As families continue to face economic hardships in the aftermath of the 2008 financial crisis, grants and scholarships have overtaken parental financial assistance as the leading source of assistance for paying college bills, according to a new report.
Since the start of the crisis, more college-bound students have eliminated schools and majors from their searches based on costs and have relied less on their parents once they get to campus, said the report released Tuesday by loan giant Sallie Mae.
College spending per student was about $21,000 during 2012, down from a peak of $24,000 in 2010, according to the report.
"We have moved into a post-recession reality in how people pay for college," Sarah Ducich, Sallie Mae's senior vice president for public policy, told The Associated Press.
The annual survey of student financial aid found students earned about $6,300 in grants and scholarships to pay for college costs, taking the top spots from parents. Student loans were the third most common source to pick up the bill for courses, housing and books.
The average student borrowed $8,815 in federal loans.
Although parents have been spending less, tuition costs continue to rise.
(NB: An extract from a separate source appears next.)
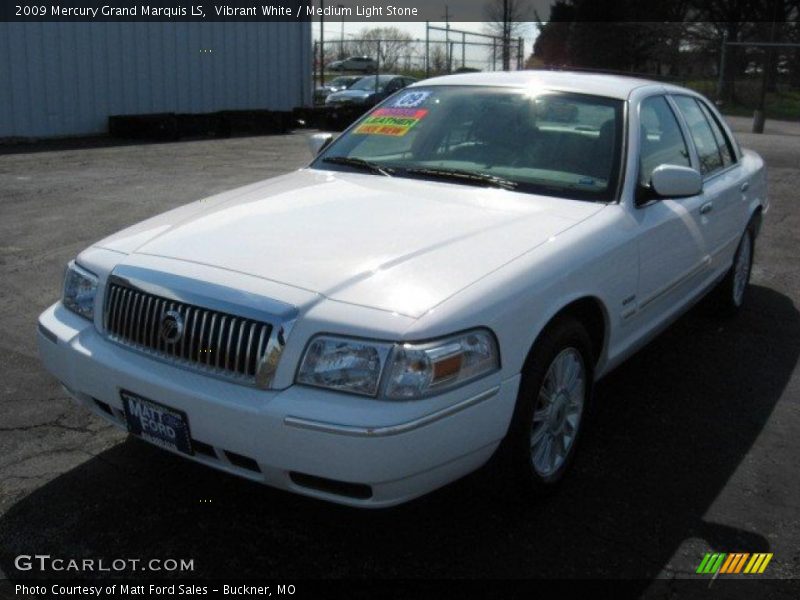 Vibrant White / Medium Light Stone 2009 Mercury Grand Marquis LS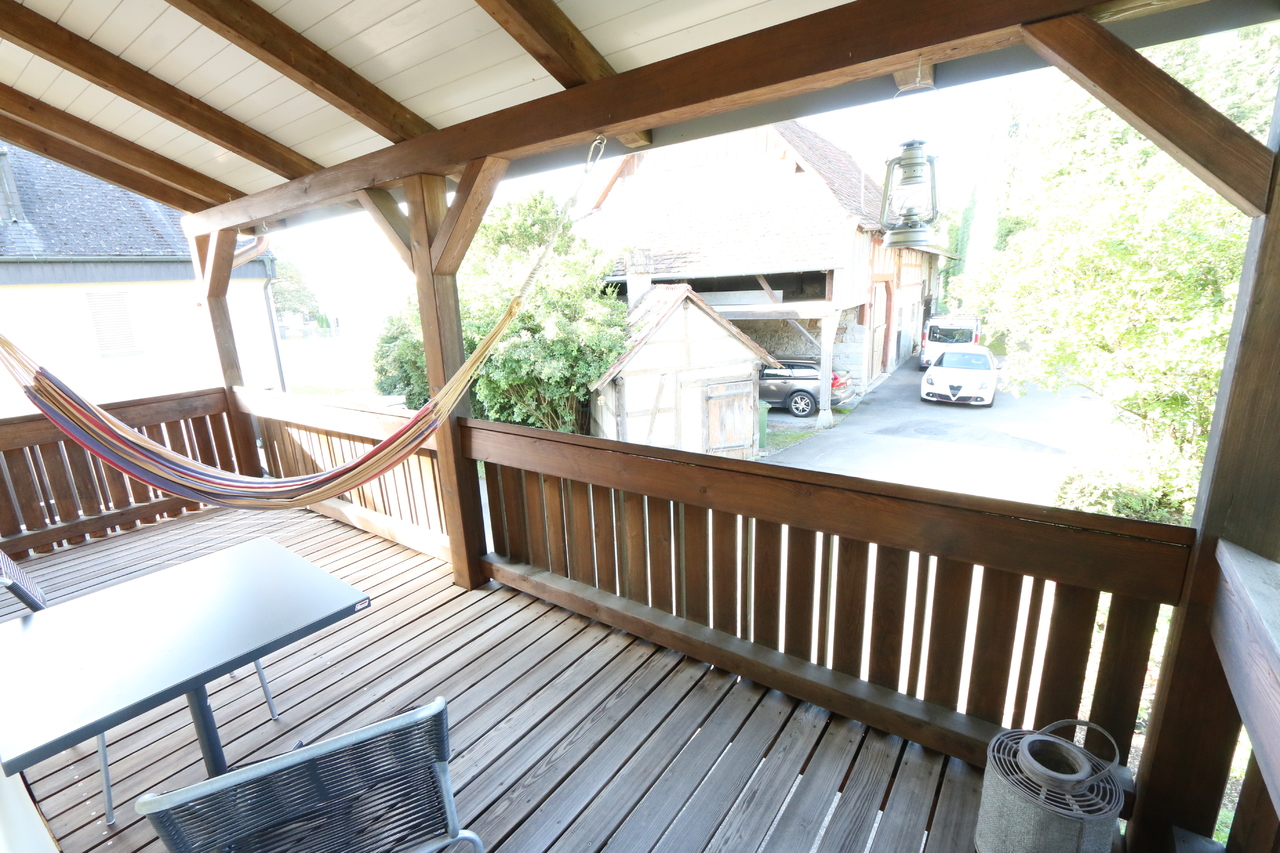 lauschiger, gedeckter Balkon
The price at public four-year colleges is up 27 percent over the last five years, according to the latest figures from a separate study from the College Board.
Despite students relying more on grants and scholarships, and economic struggles, parents continue to show investment in their child’s education. One-fifth of parents worked more hours to pay for college and half of the students increased their work hours, too.
"It forced them to adopt new behaviors of savings and ways to find nickels and dimes," Cliff Young, managing director at Ipsos, a global market research firm, told the AP.
Even when the economy has improved, parents and students stuck to their new behaviors making decisions on schools, majors and work schedules based on the price tag.
Last year, the average family turned to grants and scholarships to cover 30 percent of college costs. Parents' income and savings covered 27 percent of the bill and student borrowing covered 18 percent.
Students entering the Fall 2013 semester could see their tuition costs increase even higher if a deal is not reached in government. The Senate plans to vote this week on a compromise over federal Stafford loan rates that doubled for students on July 1, from 3.4 to 6.8 percent.
Lawmakers considered a compromise that would offer some students lower rates for the next few years but would prescribe higher rates for future classes.
The Senate deal pegs interest rates on new loans to the financial markets. Under the deal, undergraduates this fall could borrow at a 3.9 percent interest rate. Graduate students would have access to loans at 5.4 percent, and parents would be able to borrow at 6.4 percent. Those rates would climb as the economy improves and it becomes more expensive for the government to borrow money.
If a deal is not reached, about 7.4 million students with federal Stafford loans will be affected and could end up paying up to $4,000 more in interest rates for a four-year degree program.
The Ipsos telephone poll was conducted between April 10 and May 9 with 1,802 parents of undergraduate students and 800 18- to 24-year-old undergraduate students. The survey has a margin of error of plus or minus 2.5 percentage points.